### Work order:
Only the lines from the one with "dtla fireworks - hollywood" to the end of the listing below should be set down, exactly as written and without any pictures.

### Information supplied:
——

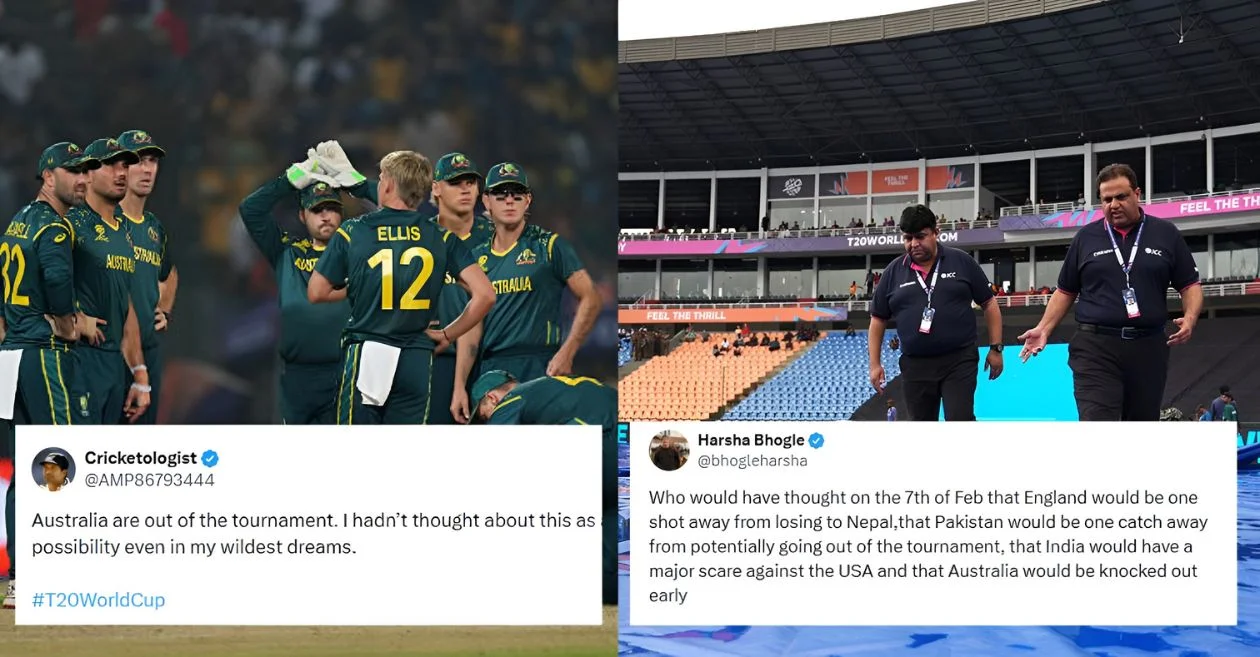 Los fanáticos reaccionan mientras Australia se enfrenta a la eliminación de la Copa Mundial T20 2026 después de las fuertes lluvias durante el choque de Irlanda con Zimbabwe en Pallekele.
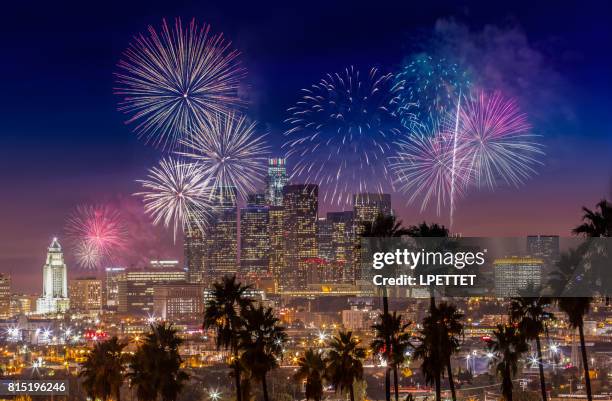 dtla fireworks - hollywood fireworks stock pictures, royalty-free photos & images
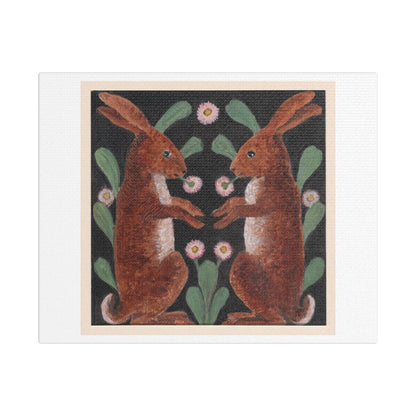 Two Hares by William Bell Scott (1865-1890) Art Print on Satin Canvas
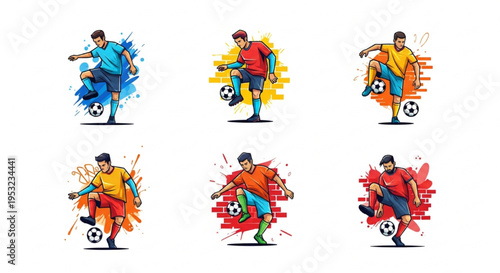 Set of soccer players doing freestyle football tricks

——

### Solved problem:
 dtla fireworks - hollywood fireworks stock pictures, royalty-free photos & images
 Two Hares by William Bell Scott (1865-1890) Art Print on Satin Canvas
 Set of soccer players doing freestyle football tricks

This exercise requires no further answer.